In the penultimate chapter of The politics of suffering, Peter Sutton offers some examples of what he considers to be true reconciliation between Aboriginal and White Australians, sharing experiences and entering into the life worlds of each other. His examples are of anthropologists and key informants, ‘Unusual couples’, the title of that chapter.

In this paper I outline a long standing and ever growing project that has involved teams of Aboriginal people and White field workers – rangers, linguists, anthropologists and ecological and physical scientists – which, I argue, extends Sutton’s ‘Unusual couples’, demonstrating reconciliation and cooperative recognition on a much larger scale. The theatre is Arnhemland, Western Arnhemland in particular, and the subject is how we Whitefellas have learnt from, and adapted, Aboriginal technologies without misappropriating them.

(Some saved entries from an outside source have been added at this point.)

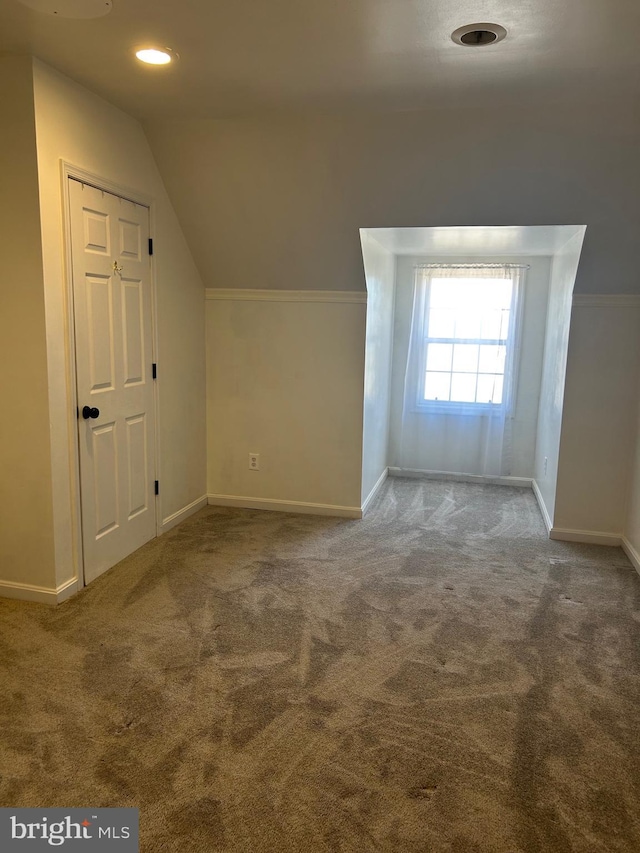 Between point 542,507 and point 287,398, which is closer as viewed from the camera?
point 287,398

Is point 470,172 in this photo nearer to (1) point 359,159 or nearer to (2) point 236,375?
(1) point 359,159

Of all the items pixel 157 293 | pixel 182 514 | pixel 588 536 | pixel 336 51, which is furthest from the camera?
pixel 182 514

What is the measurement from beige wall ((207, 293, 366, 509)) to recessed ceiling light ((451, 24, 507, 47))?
1.96 metres

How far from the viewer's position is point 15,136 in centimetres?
256

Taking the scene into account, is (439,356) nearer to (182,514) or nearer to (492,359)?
(492,359)

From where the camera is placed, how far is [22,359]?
272 centimetres

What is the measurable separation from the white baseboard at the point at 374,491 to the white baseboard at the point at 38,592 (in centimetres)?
212

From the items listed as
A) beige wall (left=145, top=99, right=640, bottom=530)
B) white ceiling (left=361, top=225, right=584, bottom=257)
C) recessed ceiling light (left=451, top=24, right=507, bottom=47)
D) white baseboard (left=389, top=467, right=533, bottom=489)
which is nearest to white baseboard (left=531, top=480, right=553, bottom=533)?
white baseboard (left=389, top=467, right=533, bottom=489)

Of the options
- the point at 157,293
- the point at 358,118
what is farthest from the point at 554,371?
the point at 157,293

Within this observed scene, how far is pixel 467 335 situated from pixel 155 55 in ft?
11.6

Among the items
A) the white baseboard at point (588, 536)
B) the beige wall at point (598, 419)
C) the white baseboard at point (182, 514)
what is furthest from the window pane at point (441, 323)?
the white baseboard at point (182, 514)

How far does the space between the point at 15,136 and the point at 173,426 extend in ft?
6.20

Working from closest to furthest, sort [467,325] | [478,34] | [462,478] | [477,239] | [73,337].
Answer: [478,34] → [73,337] → [477,239] → [467,325] → [462,478]

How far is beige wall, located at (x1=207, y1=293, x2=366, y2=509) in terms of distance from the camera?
13.6 feet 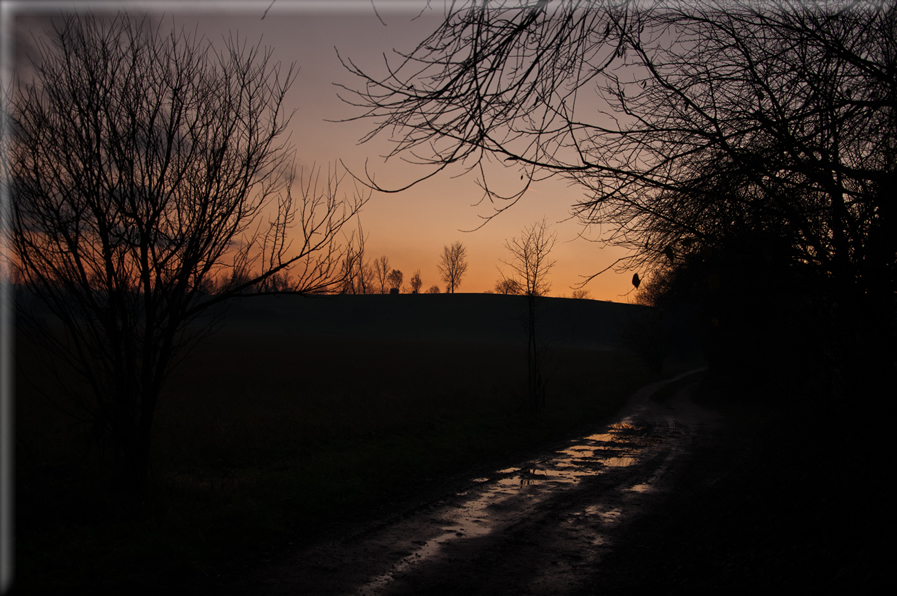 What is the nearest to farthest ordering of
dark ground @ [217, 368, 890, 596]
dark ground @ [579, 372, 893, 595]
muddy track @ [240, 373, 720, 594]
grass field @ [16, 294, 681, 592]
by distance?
dark ground @ [579, 372, 893, 595] < dark ground @ [217, 368, 890, 596] < muddy track @ [240, 373, 720, 594] < grass field @ [16, 294, 681, 592]

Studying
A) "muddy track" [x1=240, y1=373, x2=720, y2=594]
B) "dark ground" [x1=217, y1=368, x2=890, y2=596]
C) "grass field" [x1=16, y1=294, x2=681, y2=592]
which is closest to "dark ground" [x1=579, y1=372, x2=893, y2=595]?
"dark ground" [x1=217, y1=368, x2=890, y2=596]

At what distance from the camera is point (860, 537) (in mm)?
4473

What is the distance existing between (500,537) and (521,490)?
2428 mm

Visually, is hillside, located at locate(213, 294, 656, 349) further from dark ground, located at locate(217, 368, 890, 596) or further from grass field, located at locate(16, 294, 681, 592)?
dark ground, located at locate(217, 368, 890, 596)

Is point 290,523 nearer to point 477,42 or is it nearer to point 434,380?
point 477,42

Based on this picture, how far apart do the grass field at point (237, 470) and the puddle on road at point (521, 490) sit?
1.20 metres

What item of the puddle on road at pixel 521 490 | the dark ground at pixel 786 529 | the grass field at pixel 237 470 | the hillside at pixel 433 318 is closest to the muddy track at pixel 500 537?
the puddle on road at pixel 521 490

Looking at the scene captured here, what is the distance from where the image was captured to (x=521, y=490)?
8.55m

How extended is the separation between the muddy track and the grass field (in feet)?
2.63

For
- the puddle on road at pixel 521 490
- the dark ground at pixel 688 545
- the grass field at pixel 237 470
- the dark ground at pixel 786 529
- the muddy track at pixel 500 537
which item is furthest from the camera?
the puddle on road at pixel 521 490

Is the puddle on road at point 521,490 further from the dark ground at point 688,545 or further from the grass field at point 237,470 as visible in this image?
the grass field at point 237,470

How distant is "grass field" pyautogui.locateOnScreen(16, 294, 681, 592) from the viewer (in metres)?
5.48

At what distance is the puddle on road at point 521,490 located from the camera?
19.7 feet

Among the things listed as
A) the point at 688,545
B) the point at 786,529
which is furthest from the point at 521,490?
the point at 786,529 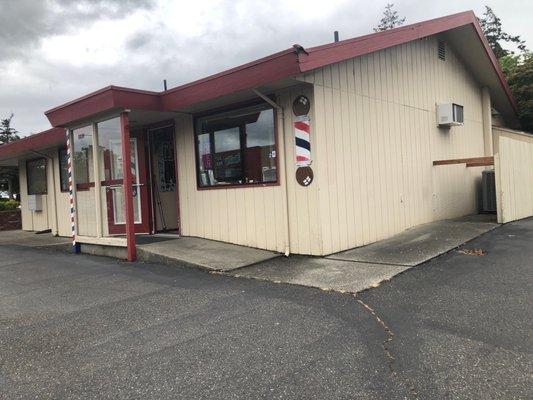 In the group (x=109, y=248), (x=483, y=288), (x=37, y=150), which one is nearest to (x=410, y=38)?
(x=483, y=288)

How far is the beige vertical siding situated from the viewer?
912cm

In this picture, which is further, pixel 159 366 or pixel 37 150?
pixel 37 150

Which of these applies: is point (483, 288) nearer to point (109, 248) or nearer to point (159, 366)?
point (159, 366)

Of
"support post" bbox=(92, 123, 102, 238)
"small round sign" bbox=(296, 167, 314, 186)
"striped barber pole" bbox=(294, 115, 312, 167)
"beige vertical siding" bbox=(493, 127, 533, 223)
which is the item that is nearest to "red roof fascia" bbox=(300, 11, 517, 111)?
"striped barber pole" bbox=(294, 115, 312, 167)

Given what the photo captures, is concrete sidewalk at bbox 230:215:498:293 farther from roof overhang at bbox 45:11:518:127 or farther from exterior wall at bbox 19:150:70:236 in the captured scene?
exterior wall at bbox 19:150:70:236

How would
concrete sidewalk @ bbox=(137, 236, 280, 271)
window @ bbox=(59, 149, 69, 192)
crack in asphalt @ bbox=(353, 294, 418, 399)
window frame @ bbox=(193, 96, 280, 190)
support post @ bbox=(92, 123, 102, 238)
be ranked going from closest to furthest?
crack in asphalt @ bbox=(353, 294, 418, 399), concrete sidewalk @ bbox=(137, 236, 280, 271), window frame @ bbox=(193, 96, 280, 190), support post @ bbox=(92, 123, 102, 238), window @ bbox=(59, 149, 69, 192)

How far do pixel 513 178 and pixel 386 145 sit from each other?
3.25 meters

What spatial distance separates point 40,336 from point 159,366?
1.52m

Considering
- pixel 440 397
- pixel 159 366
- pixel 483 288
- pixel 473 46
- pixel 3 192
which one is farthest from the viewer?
pixel 3 192

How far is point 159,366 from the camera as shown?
343cm

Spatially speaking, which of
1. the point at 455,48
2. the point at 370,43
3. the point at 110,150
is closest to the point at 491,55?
the point at 455,48

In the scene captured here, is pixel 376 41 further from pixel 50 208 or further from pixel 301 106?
pixel 50 208

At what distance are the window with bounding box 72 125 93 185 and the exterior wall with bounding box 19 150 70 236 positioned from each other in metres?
3.45

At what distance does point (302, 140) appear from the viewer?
7020 mm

This cooperative venture has its origins in the early 1970s when, as a young forestry officer, I found Aboriginal resistance – hardly surprising we can say in retrospect – to the forestry program at Maningrida, initiated in the 1960s to bring wild Arnhemlanders into the modern world, to assimilate them into Australian society. The project, again not surprisingly, failed, for several reasons. Not the least of these was its explicit objective to suppress manwurrk and thus, supposedly, create vast fields of regeneration of native cypress pine.

Yet, all was not lost. Out of that failure came the vast learning experience for Whitefellas, some of which I describe, and another practical project, largely directed and operated by Aboriginal people themselves. That began as a locally oriented conservation and cultural maintenance operation but, in being able to take advantage of carbon farming credits, has now become part of global environmental improvement.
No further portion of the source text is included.